Nearby, a case containing the notorious X Portfolio pictures attracted slightly aghast attention. Here, the famous "fisting" shot was cleverly, if disturbingly, displayed above a still life of a vase of gypsophila. It's a strange picture: from a distance you can't really see what you're looking at - it could be a rather quirky take on a Norman Foster building, or a shot of sand dunes. The faces of the women were pictures in themselves as they recognised what they were seeing and turned away in Munchian vignettes of souls in hell - eyes bulging, mouths open, chins drawn in. The men tended to respond by bursting out laughing. "Now," said a queenly man accompanied by a trio of hippy dresses, "wash your hands." A young woman glanced shyly at the man beside her - I wouldn't recommend this exhibition as first-date territory. "Do you think," she said, "they have to practise a lot to be able to do that?" A stout gent in a blazer walked away from the case. "Of course," he was saying, "Mapplethorpe was homosexual, you know. Obsessed with the... sexual function."
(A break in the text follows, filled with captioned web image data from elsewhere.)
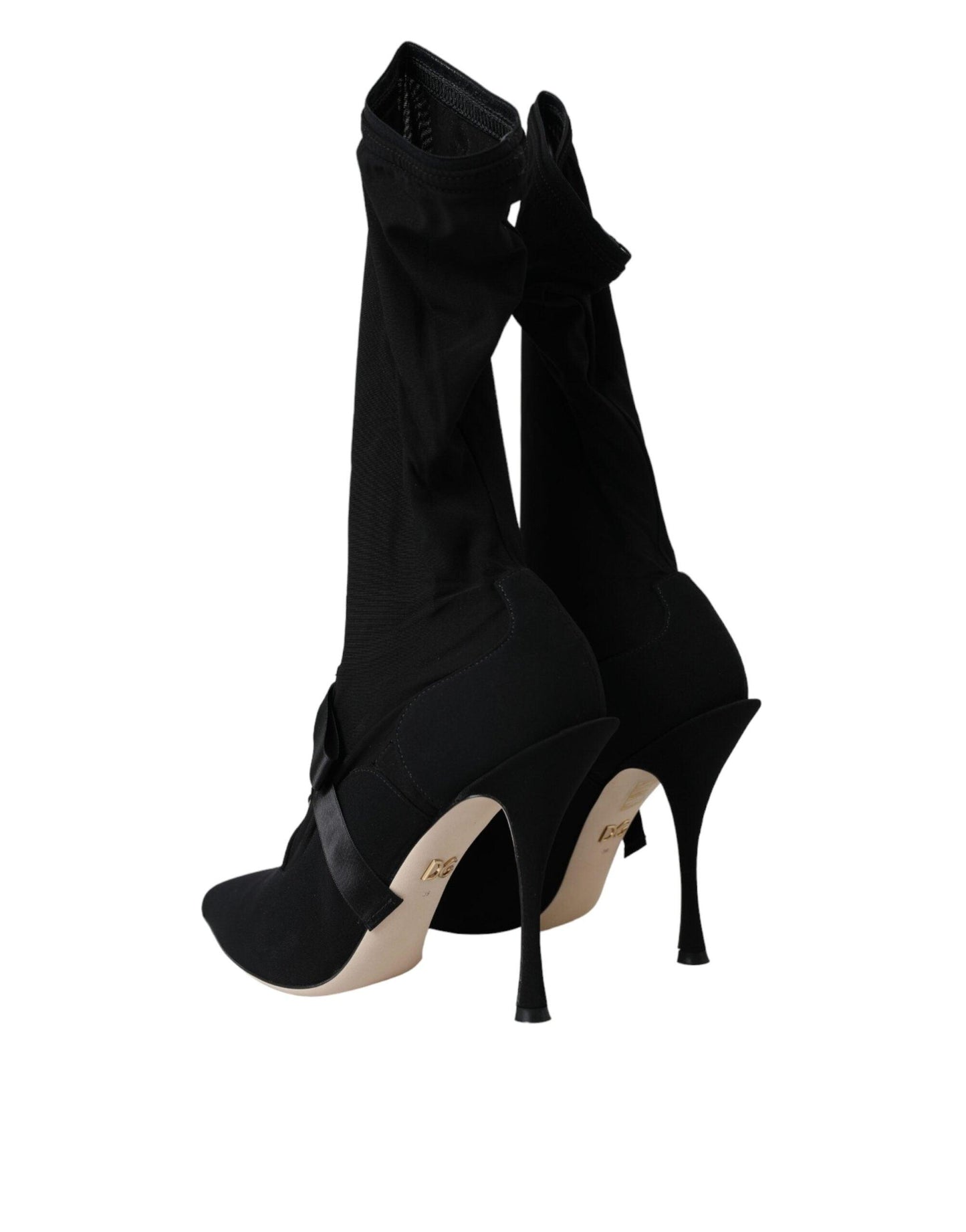 Dolce & Gabbana Black Stiletto Heels Mid Calf Boots Shoes - Arichezz.store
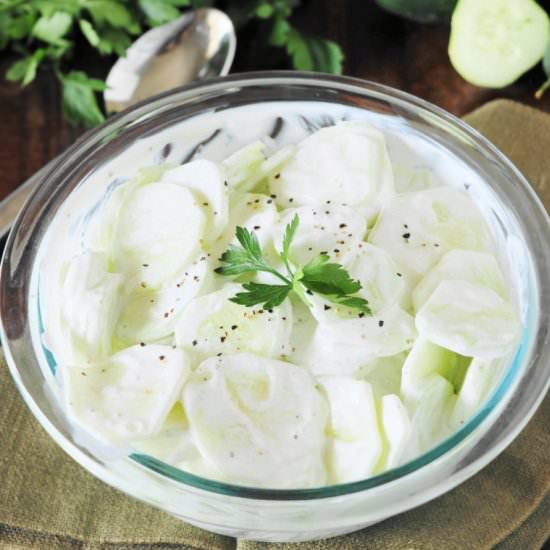 Cucumbers in Sour Cream - Recipe photo by thekitchenismyplayground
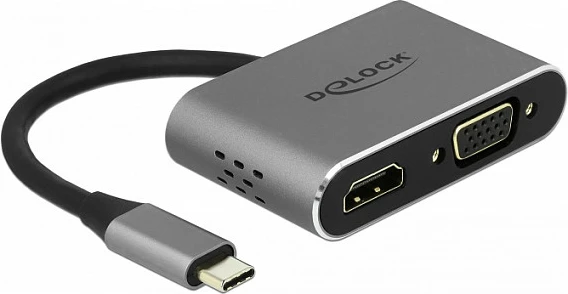 Adapter USB-C DeLOCK 64074, HDMI + VGA, USB-A 3.2 Gen1, USB-C PD 87W, metal, gri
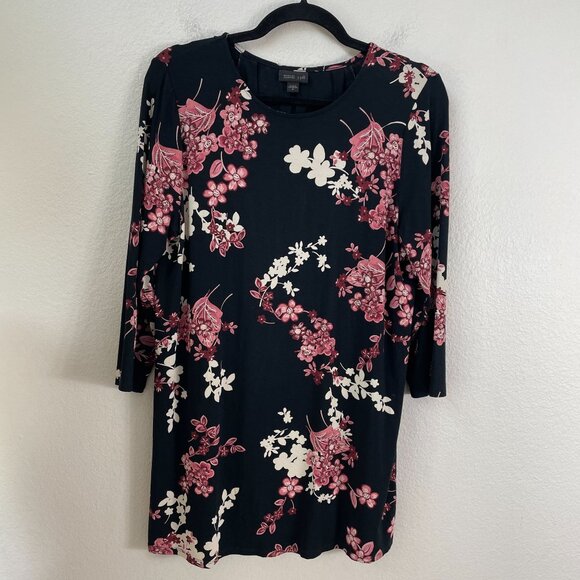 J Jill Wearever Womens Medium Floral Tunic Top Pleated Back 3/4 Sleeve Shirt - Picture 7 of 8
Around a corner, one was presented with the delightful spectacle of a Modern Parent getting her comeuppance. You know Modern Parents: they have multiple body-piercing, take their children with them wherever they go, and insist on full and frank discussion of everything. This particular specimen had lost one child, who was slumped against a wall with a look of pure disdain on his face. Her daughter walked studiously up a line of portraits and came to a stop in front of two sado-masochistic scenes. "Mummy," she said loudly, "why is he doing that?" Modern Parent peered, recoiled and said something palliative. "But, Mummy," her voice rose another couple of hundred decibels, "he's peeing into that man's mouth." "Um... Oh, look," said Modern Parent, "have you seen these lovely flowers?"
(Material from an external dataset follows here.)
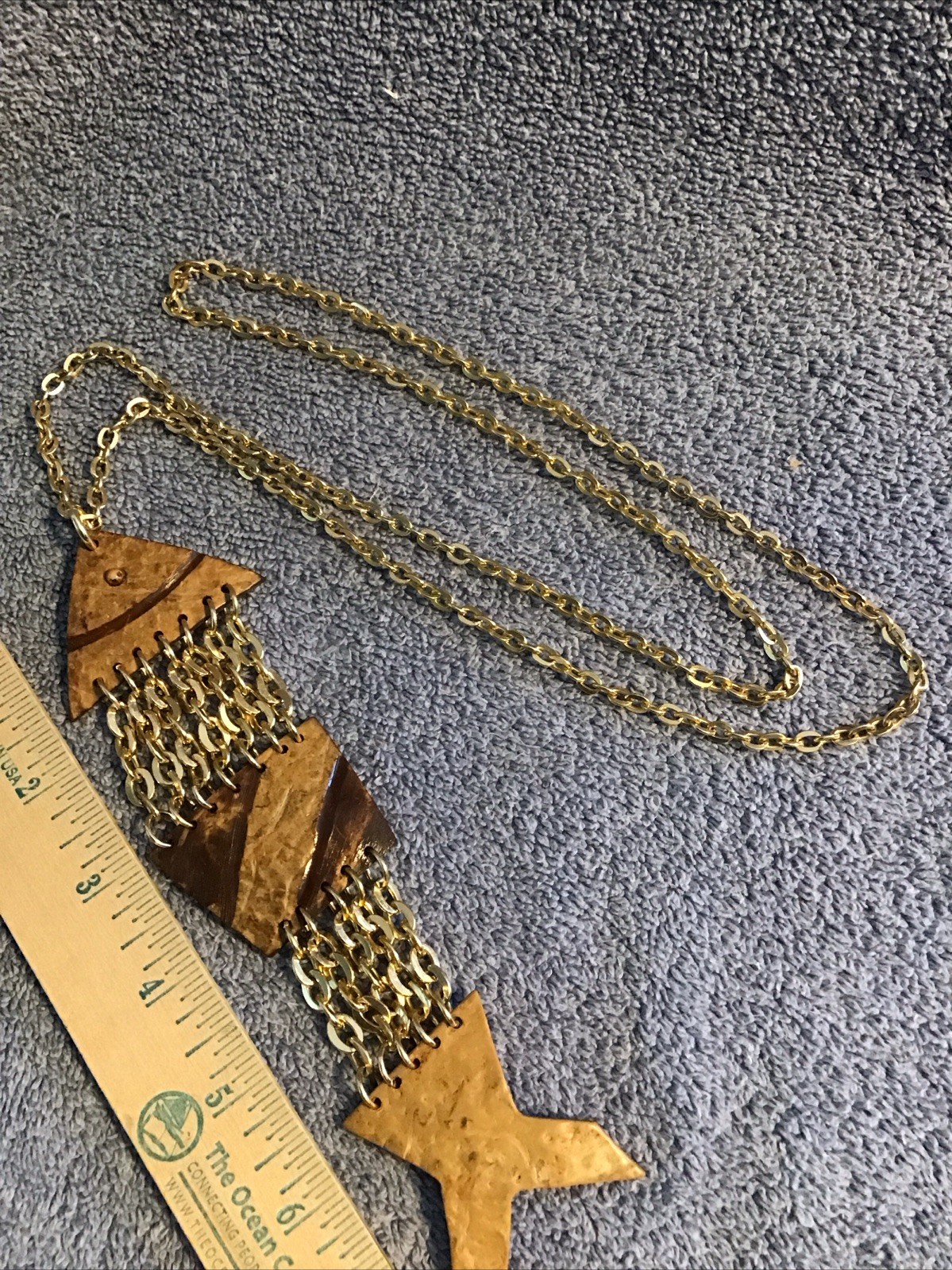 Vtg Fish Necklace HUGE Gold Tone Chain Link ARTICULATED Scales Nautical Beach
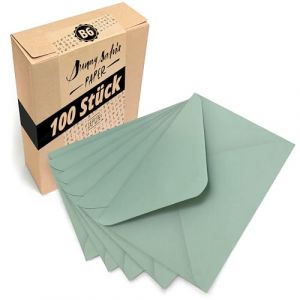 Japun - enveloppes (100 pièces) en papier, enveloppe sans fenêtre - DIN B6-175 x 125 mm - vert (Nature Nerds GmbH, neuf)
Two pictures up, and at last there was something of an explosion. "Jeez," cried a woman, "that is so obscene. It's so disgusting. Oh, that's horrible." Whoopee, I thought, at last a bit of the much-hyped controversy. I glanced at the picture at which she was gesturing as she spluttered. It was a portrait of Arnold Schwarzenegger, clad in bathing trunks. "God," she continued, "look at those arms. The man's a freak of nature. That is so ugly." Diagonally below was a shot of a smirking S&M-er with a huge slab of wood suspended from his dangly bits. One was reminded of anobscenity case a few years ago codenamed Operation Spanner. The police, apparently, chose that soubriquet because anyone who saw the pictures felt his nuts tighten.
I don't know about the whole obscenity question. I have a feeling that a great deal of it is hot air. But one thing's for certain: Robert Mapplethorpe must pose a bit of a threat to the average relationship. Musing over the succinctly named "Cock", in which a vast phallus is grasped by an equally vast fist, a man turned to his female companion. "A fine figure of a penis, that one," he said. "Mmm," she replied enthusiastically. "It is." Her face bore that sort of dreamy expression one associates with too much ice-cream.